• **HOW TO COMPLETE THIS TASK**: Transcribe the listing in full. Keep every line exactly as it stands.

[[ EXTRACTED ENTRIES open ]]

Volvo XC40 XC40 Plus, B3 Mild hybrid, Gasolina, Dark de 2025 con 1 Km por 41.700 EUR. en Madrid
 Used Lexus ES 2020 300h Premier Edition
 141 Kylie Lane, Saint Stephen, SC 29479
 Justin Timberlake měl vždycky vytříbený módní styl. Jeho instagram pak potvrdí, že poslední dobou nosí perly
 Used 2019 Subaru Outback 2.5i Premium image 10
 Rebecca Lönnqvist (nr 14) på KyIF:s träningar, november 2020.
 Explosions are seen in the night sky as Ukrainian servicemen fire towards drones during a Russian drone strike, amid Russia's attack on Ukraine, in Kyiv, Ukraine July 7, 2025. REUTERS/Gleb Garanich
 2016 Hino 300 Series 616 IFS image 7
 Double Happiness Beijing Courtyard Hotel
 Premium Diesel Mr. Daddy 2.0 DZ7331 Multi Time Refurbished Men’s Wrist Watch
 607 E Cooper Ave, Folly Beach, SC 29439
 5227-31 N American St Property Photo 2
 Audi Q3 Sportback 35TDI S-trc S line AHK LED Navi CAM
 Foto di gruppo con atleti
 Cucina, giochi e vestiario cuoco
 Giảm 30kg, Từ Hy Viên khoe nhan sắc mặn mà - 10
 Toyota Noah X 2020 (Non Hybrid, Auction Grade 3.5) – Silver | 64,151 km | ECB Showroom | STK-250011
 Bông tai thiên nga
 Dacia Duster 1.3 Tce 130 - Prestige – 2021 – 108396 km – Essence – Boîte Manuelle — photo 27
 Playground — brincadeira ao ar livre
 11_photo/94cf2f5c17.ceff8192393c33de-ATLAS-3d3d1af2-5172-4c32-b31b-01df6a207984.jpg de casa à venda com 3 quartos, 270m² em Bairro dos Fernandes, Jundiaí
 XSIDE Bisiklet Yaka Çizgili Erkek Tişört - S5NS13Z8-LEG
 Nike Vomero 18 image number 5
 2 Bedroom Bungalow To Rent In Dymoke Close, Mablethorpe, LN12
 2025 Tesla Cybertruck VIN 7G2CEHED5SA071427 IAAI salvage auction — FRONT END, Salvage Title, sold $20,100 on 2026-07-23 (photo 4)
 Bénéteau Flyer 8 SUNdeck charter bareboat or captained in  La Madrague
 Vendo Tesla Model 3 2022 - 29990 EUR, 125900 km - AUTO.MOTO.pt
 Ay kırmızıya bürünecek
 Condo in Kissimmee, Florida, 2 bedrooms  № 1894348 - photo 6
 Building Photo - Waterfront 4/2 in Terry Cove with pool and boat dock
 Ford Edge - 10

[[ EXTRACTED ENTRIES closed ]]

• **EXERCISE OUTPUT**:
Volvo XC40 XC40 Plus, B3 Mild hybrid, Gasolina, Dark de 2025 con 1 Km por 41.700 EUR. en Madrid
 Used Lexus ES 2020 300h Premier Edition
 141 Kylie Lane, Saint Stephen, SC 29479
 Justin Timberlake měl vždycky vytříbený módní styl. Jeho instagram pak potvrdí, že poslední dobou nosí perly
 Used 2019 Subaru Outback 2.5i Premium image 10
 Rebecca Lönnqvist (nr 14) på KyIF:s träningar, november 2020.
 Explosions are seen in the night sky as Ukrainian servicemen fire towards drones during a Russian drone strike, amid Russia's attack on Ukraine, in Kyiv, Ukraine July 7, 2025. REUTERS/Gleb Garanich
 2016 Hino 300 Series 616 IFS image 7
 Double Happiness Beijing Courtyard Hotel
 Premium Diesel Mr. Daddy 2.0 DZ7331 Multi Time Refurbished Men’s Wrist Watch
 607 E Cooper Ave, Folly Beach, SC 29439
 5227-31 N American St Property Photo 2
 Audi Q3 Sportback 35TDI S-trc S line AHK LED Navi CAM
 Foto di gruppo con atleti
 Cucina, giochi e vestiario cuoco
 Giảm 30kg, Từ Hy Viên khoe nhan sắc mặn mà - 10
 Toyota Noah X 2020 (Non Hybrid, Auction Grade 3.5) – Silver | 64,151 km | ECB Showroom | STK-250011
 Bông tai thiên nga
 Dacia Duster 1.3 Tce 130 - Prestige – 2021 – 108396 km – Essence – Boîte Manuelle — photo 27
 Playground — brincadeira ao ar livre
 11_photo/94cf2f5c17.ceff8192393c33de-ATLAS-3d3d1af2-5172-4c32-b31b-01df6a207984.jpg de casa à venda com 3 quartos, 270m² em Bairro dos Fernandes, Jundiaí
 XSIDE Bisiklet Yaka Çizgili Erkek Tişört - S5NS13Z8-LEG
 Nike Vomero 18 image number 5
 2 Bedroom Bungalow To Rent In Dymoke Close, Mablethorpe, LN12
 2025 Tesla Cybertruck VIN 7G2CEHED5SA071427 IAAI salvage auction — FRONT END, Salvage Title, sold $20,100 on 2026-07-23 (photo 4)
 Bénéteau Flyer 8 SUNdeck charter bareboat or captained in  La Madrague
 Vendo Tesla Model 3 2022 - 29990 EUR, 125900 km - AUTO.MOTO.pt
 Ay kırmızıya bürünecek
 Condo in Kissimmee, Florida, 2 bedrooms  № 1894348 - photo 6
 Building Photo - Waterfront 4/2 in Terry Cove with pool and boat dock
 Ford Edge - 10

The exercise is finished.